Teniendo en cuenta el historial que ha protagonizado el condenado, en su papel de delfín, los despilfarros, la ostentación, la vida disoluta, todo ello a costa del erario público guineano, mientras que el país carece de un sistema sanitario público, la Oposición y, sobre todo el Pueblo, esperaban una sentencia «ejemplar».

El régimen, por su parte, aparte de considerar el proceso como una agresión a la soberanía guineana, resulta que, además, encuentra la pena excesiva.

Ambas opiniones son equivocadas:

a) Como en su día señalé, en un sistema jurídico garantísta, en el acusado recibe más atención que el avión, porque la inocencia no se prueba, se presume. Es un derecho. Claro que se trata de una presunción «iuris tantum», es decir, puede ser enervada por una prueba en contra. De ahí que la carga de la prueba incumbe a la acusación.

Esto hace que, a veces, el acusado, condenado según el tribunal de la calle, termina siendo absuelto porque no se han sabido presentar las pruebas o las propuestas no han sido suficientes.

Si a esto le añades la dinamicidad del propio proceso penal, eminentemente oral, y todos los demás intereses que se cruzan, y más en un proceso de estas características, es muy difícil obtener una sentencia «ejemplar».

Dicho de otro modo: procesar a Teodorín formaba parte de la ceremonia de la dignidad del estado francés, pero la justicia francesa no está dispuesta a tirar por la borda todo el entramado de intereses del estado que ligan a Francia con la familia mafiosa dueña de Guinea Ecuatorial. No se olviden del lema: es el «cambio en la continuidad».
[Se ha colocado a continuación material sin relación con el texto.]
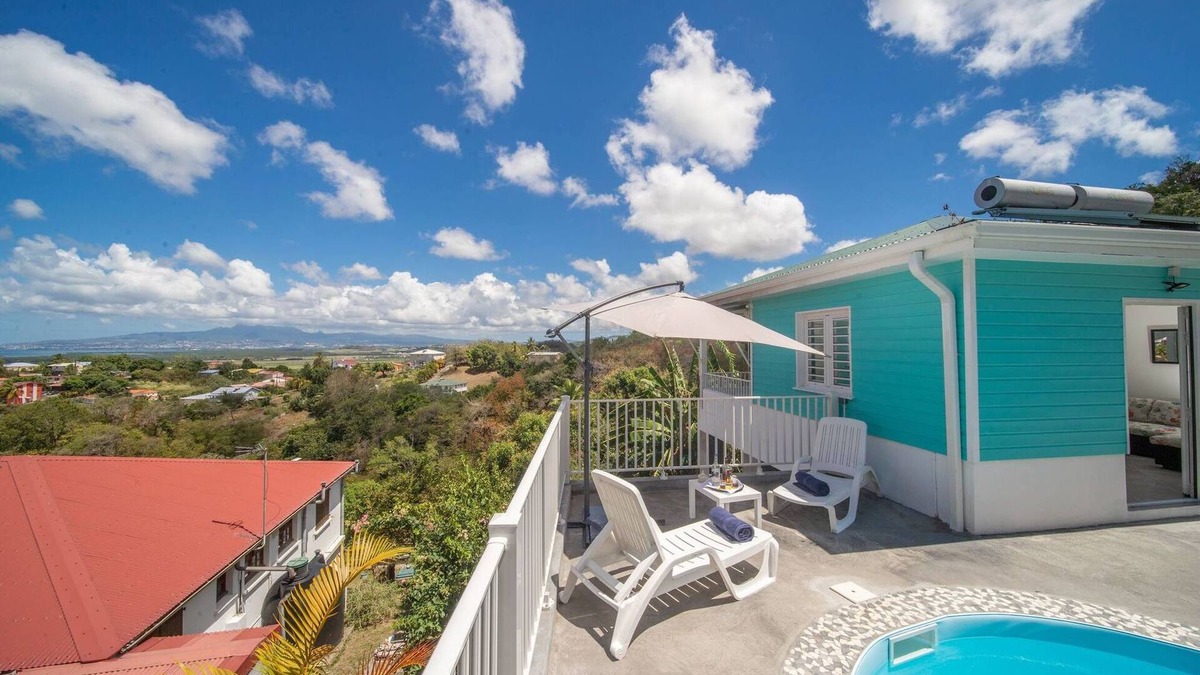 Riviere-Salee House | 2 Bungalows with 2 Swimming Pools : Sea View (Blue and Red)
Lógicamente, la lectura que el régimen y sus palmeros van a hacer de la sentencia será visceral. Hay que mantener el paripé. Se hablará de la intromisión intolerable en la dignidad y soberanía de la República de Guinea Ecuatorial y bla, bla, bla.
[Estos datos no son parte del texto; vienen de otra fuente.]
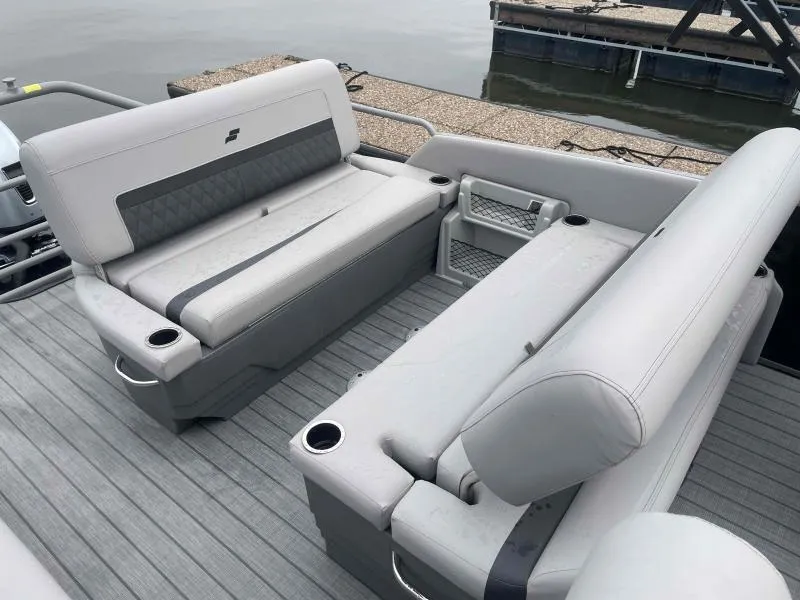 Slide: The Image of Starcraft CX 23 DL 2024 - 17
Pero, para los que hacemos un análisis frío de todas estas cosas, lo importante es la condena. Cualquiera que sea su cuantía.

Esta condena es el símbolo de lo que ya le he vaticinado a Obiang en una de estas entregas: después del abundante daño causado, su castigo será vivir para ver cómo se desmorona su obra política y humana.

Porque, después de esta condena, ¿cómo queda el prestigio de este chico para relacionarse con otros jefes de estado el día de mañana.

Las aspiraciones sucesorias del muchacho quedan en cuarentena.

Y este será el principio del fin de una obra bañada en sangre, además, inocente.

Y, ya se sabe, Dios castiga las manos que derraman sangre inocente.